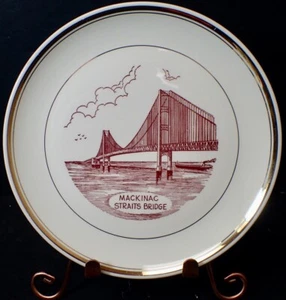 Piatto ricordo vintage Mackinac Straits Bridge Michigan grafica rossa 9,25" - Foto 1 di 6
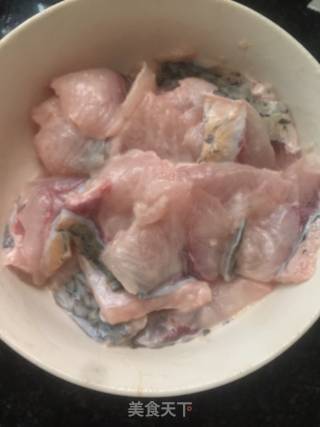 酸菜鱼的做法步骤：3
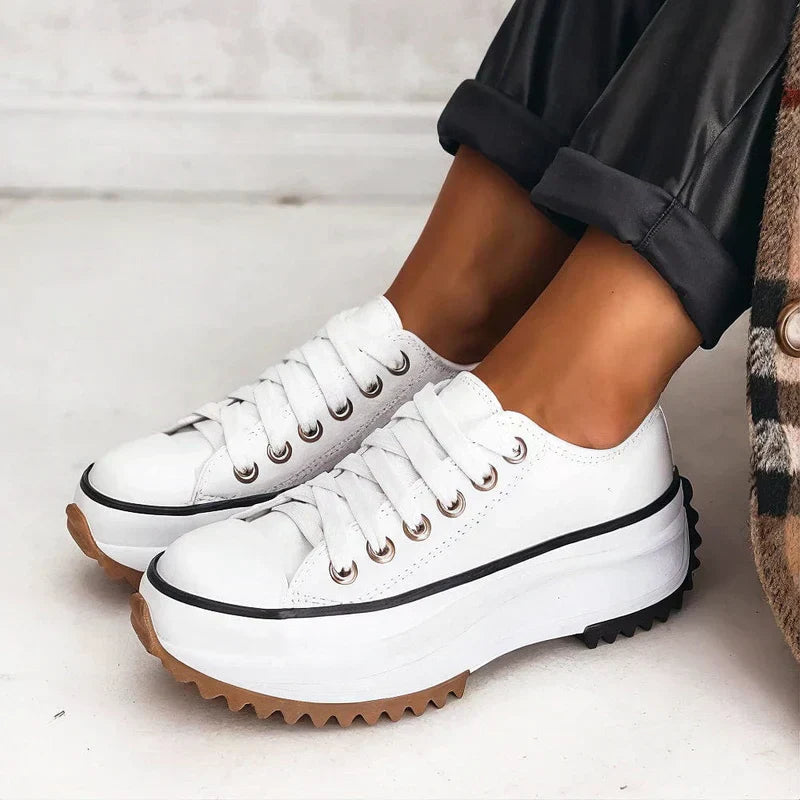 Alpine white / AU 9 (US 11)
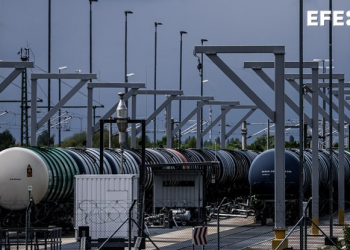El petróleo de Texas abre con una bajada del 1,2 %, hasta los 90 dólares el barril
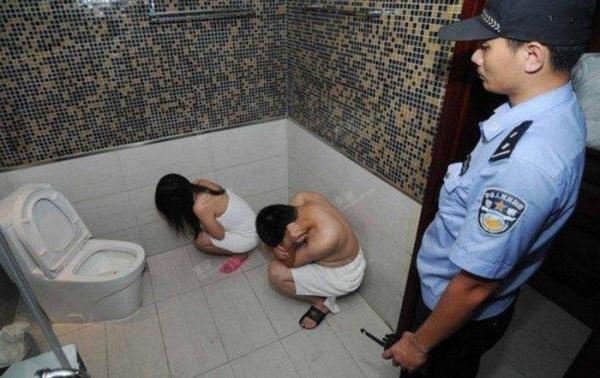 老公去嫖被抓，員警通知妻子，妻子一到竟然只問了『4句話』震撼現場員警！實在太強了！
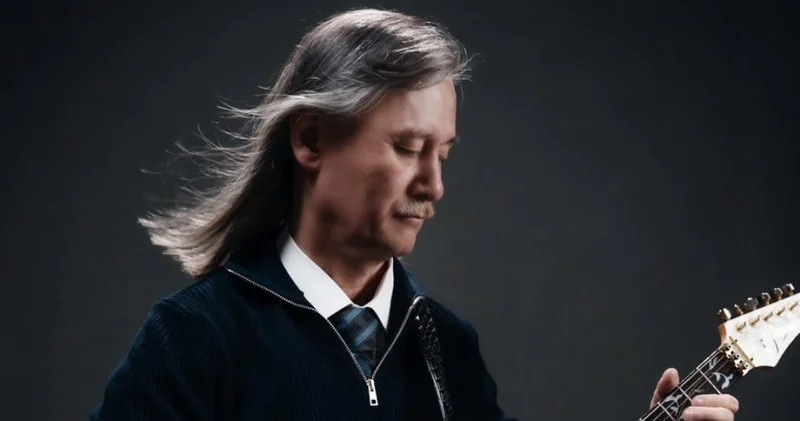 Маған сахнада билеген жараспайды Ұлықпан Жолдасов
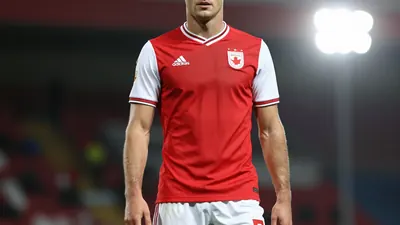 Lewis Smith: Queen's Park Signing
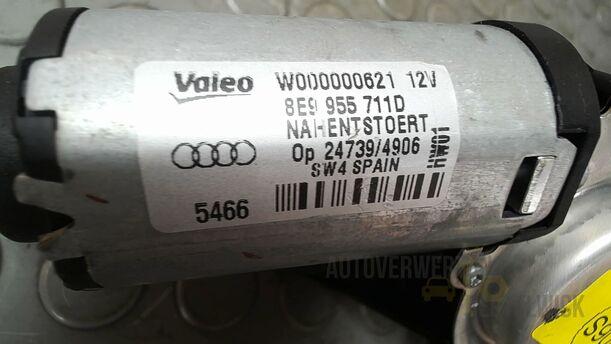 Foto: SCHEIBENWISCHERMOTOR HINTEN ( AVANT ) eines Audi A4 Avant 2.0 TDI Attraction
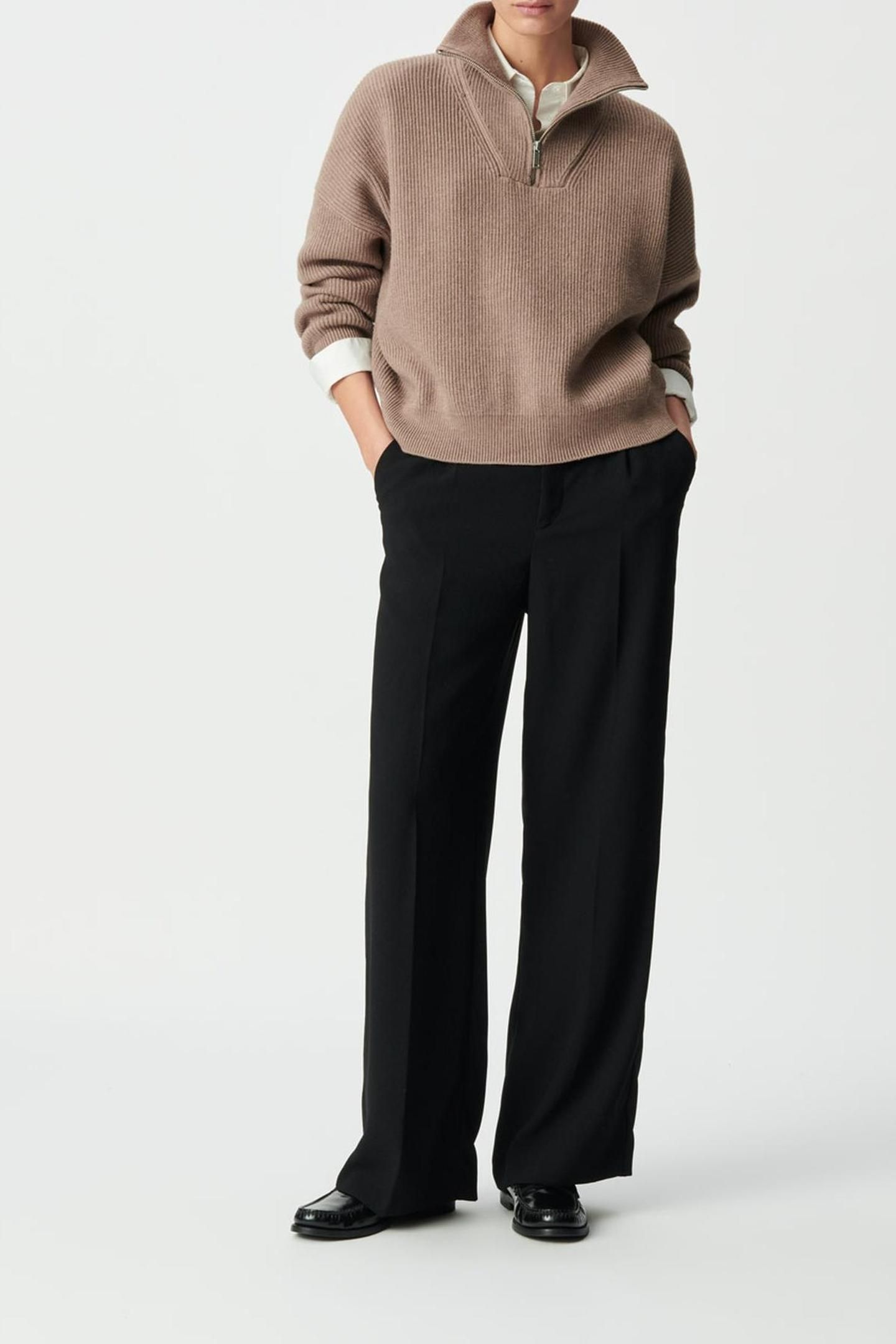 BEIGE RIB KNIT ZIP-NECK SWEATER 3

------------------------

(Task description) What is needed is an exact copy of the lines from the line with "老公去嫖被抓，員警通知妻子，" to the end of the data above, both included, without any pictures.

(Solved exercise)
 老公去嫖被抓，員警通知妻子，妻子一到竟然只問了『4句話』震撼現場員警！實在太強了！
 Маған сахнада билеген жараспайды Ұлықпан Жолдасов
 Lewis Smith: Queen's Park Signing
 Foto: SCHEIBENWISCHERMOTOR HINTEN ( AVANT ) eines Audi A4 Avant 2.0 TDI Attraction
 BEIGE RIB KNIT ZIP-NECK SWEATER 3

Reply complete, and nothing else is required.